The auditorium at Instituto Cervantes is packed with puppet fans and their puffy coats. Small spot lights circle round from the stage, momentarily blinding the audience. The stage is dimly rear lit with blue LEDs, further inhibiting the audience view. There is a platform center stage. Something is going to happen. We begin to see movement on stage – black shapes, then a small, white figure climbing what appear to be rocks. We see it is a fisherman as he carefully arranges his net, pulling, pulling, pulling. He picks up a rope and pulls in in, in, in – puffing with the hard labor. Eventually the prow of a skiff appears, and the small puppet pulls, and pulls, up, over the rocks to the pier where he clambers in. A bit more light comes up (likely, the gloaming of sunrise). We now see that the black objects on stage are performers, who, through the course of the hour will mostly be undulating water.

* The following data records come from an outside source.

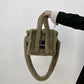 Faux Fur Ladies Tote Bag
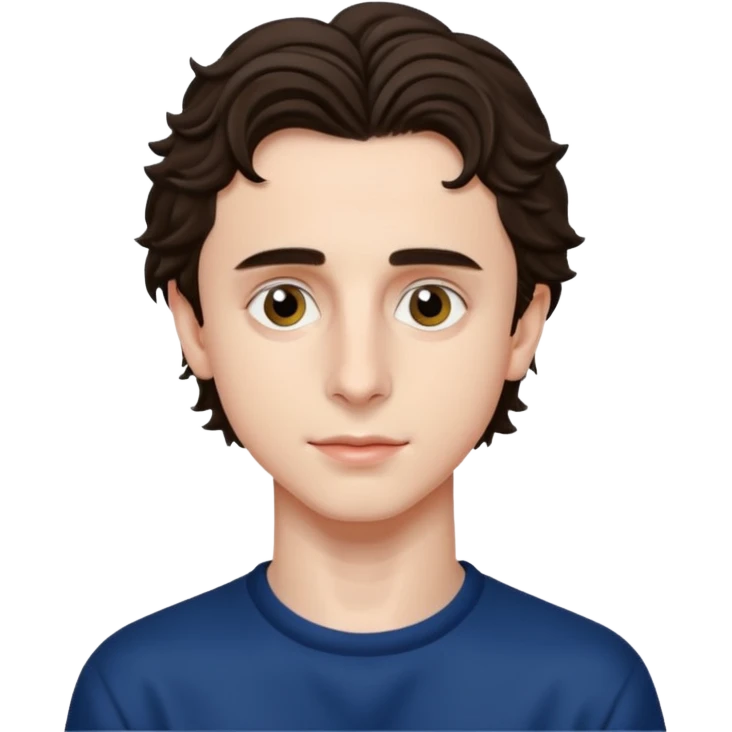 Timothee chalamet emoji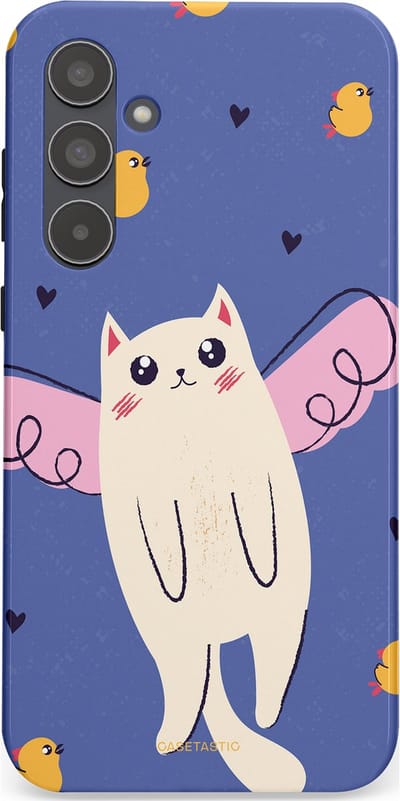 Casetastic Hoesje Geschikt voor Samsung A55 - Stijlvolle Beschermende Duo-layer Case - Kuikendief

Chicago International Puppet Festival, Instituto Cervantes and PESCADOR Emphasize Reality
PESCADOR is homage to the difficult lives of men and women who daily embark in small boats into large water, fraught with perils, to fish. Five performers stage an arduous ballet in which they are the waves, the vortex, the bar, and the puppeteers for the fisherman, the boat, the net, the birds. There are no words, just perfect sounds of water created/captured by Sound Designer, Ricardo Pacheco.
Like fishing, in this reviewer’s opinion, the sequences were long. Also, as often in fishing, there was no catch. But the execution was captivating and mesmerizing.

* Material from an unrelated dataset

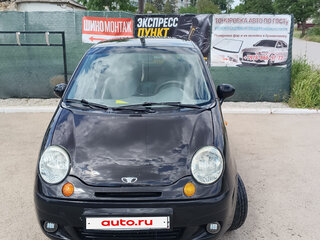 2010 Daewoo Matiz I Рестайлинг, чёрный, 220000 рублей, вид 1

Directed and Conceived by Santiago Tobar
Creative Producer: Dominga Gutierrez
Performers: Rodolfo Armijo, Camila Perez, Consuelo Miranda, Marco Reyes, Camilo Yanez
Sound Design: Ricardo Pacheco
Lighting Design: Belen Abarza
For more information on upcoming Chicago International Puppet Festival performance read 2019 Chicago International Puppet Theater Festival PREVIEW
Photos courtesy of Chicago International Puppet Theater Festival 2019
Reviewer Ann Boland is committed to Chicago theater. Involved in the audience since the early 80’s, she’s witnessed firsthand the rise of our theater scene, our exceptional local talent, and the vigor of each new generation. Ann handles public relations for authors and works on programs to help seniors with neurological movement disorders. Please visit her website for more information.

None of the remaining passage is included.